Bill to Dissolve Stillborn 21st Knesset Passes First of 3 Readings

A bill to dissolve the possibly stillborn 21st Knesset and go to new elections passed its first reading in the Israel’s parliament early Tuesday morning, May 28.

Today, Wednesday, May 29, marks exactly 50 days since the April 9 general elections for the Knesset, and 42 days, the legal limit, since Benjamin Netanyahu was given a mandate by the president to form a government, something that he has not managed to do because of the conflicting demands of the parties which he has been wooing to form a coalition.

Sixty-six MKs voted in favor of the bill, while 44 voted against it and six Hadash-Ta’al lawmakers abstained. At the vote on the preliminary reading of the bill, Hadash-Ta’al parliamentary fraction said that they would “not cooperate with Netanyahu’s spin to form an extremist and far-right government.” Hadash MK Aida Touma-Sliman maintained that the responsibility for the impasse was “Netanyahu spin and blackmail.”

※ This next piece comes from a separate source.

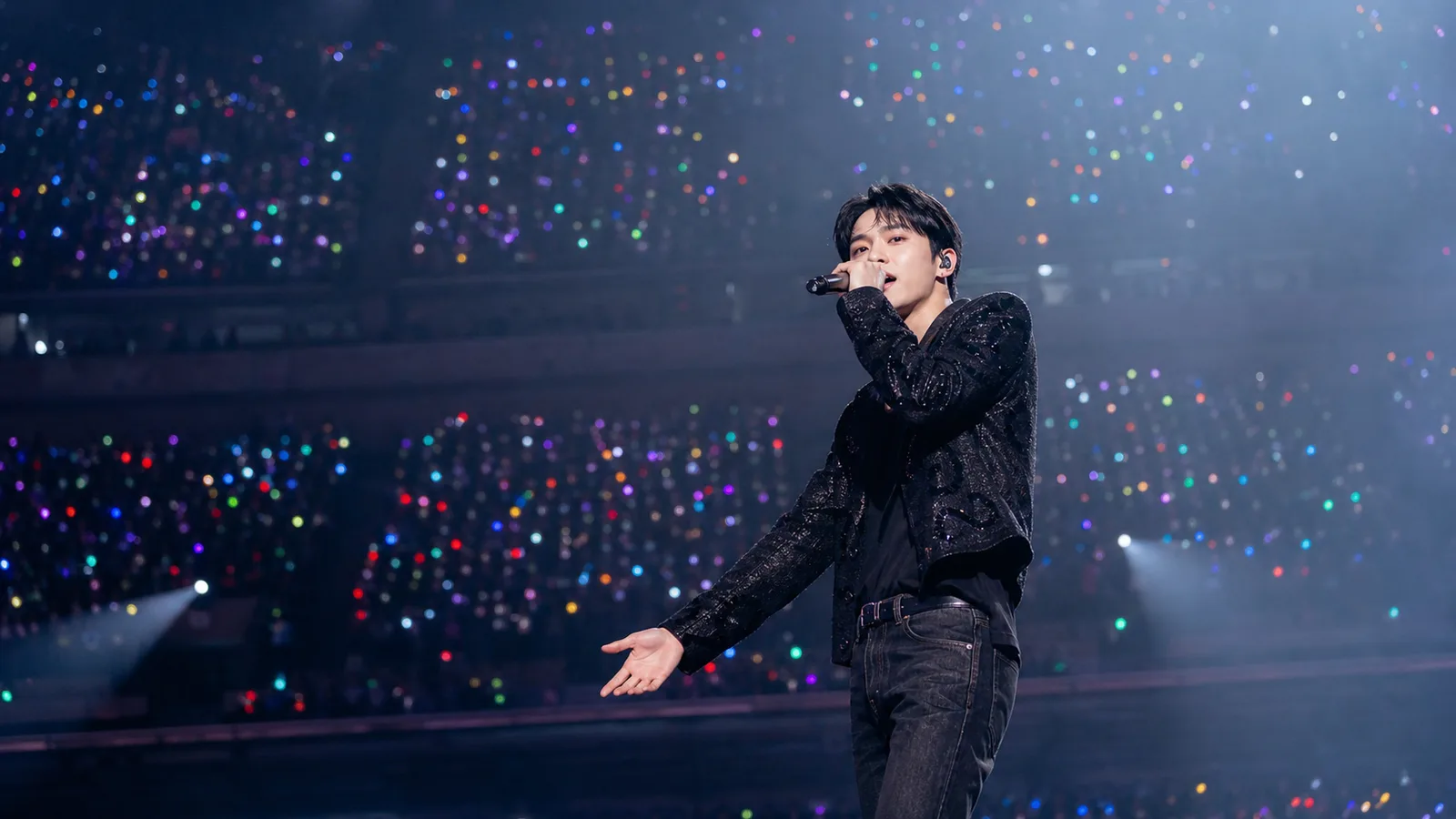 A performer on an arena stage, the crowd behind them filled with glowing light sticks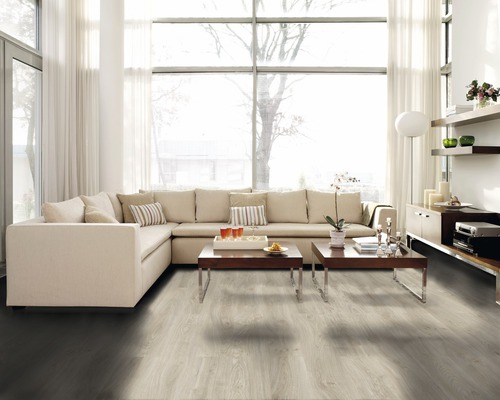 Heller Wohnraum mit Ecksofa, Couchtischen und Laminatboden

Likud MK Miki Zohar, who drafted the bill to dissolved the 21st Knesset, said that legislative proceedings will not end before Wednesday evening, the deadline given to Prime Minister Benjamin Netanyahu by the president to form a governing coalition. If the bill passes two more votes, Israel will go to elections for the second time this year. A Knesset committee discussed a possible date for new elections: September 17.

The bill passed a preliminary reading on Monday, but opposition parties noted the possibility that it’s a ploy to pressure warring parties into compromising and forming a government. Sources in Kahol Lavan, Labor, and Meretz told Haaretz on Sunday that, in the situation that has developed, the president should give the mandate to form a government to a different candidate rather than go to elections again.

“Unfortunately, I haven’t been able to convince Avigdor Lieberman to avoid another election,” said Netanyahu in a press conference on Monday. “The reality is that we must be responsible and form a government immediately.”In his statement, Netanyahu quoted US President Donald Trump’s support for him, saying that the two have a lot to do.

On Monday, Trump tweeted: “Hoping things will work out with Israel’s coalition formation and Bibi and I can continue to make the alliance between America and Israel stronger than ever.” Echoes of things to come, as perhaps item number one on each of their respective agendas is regime change in Iran.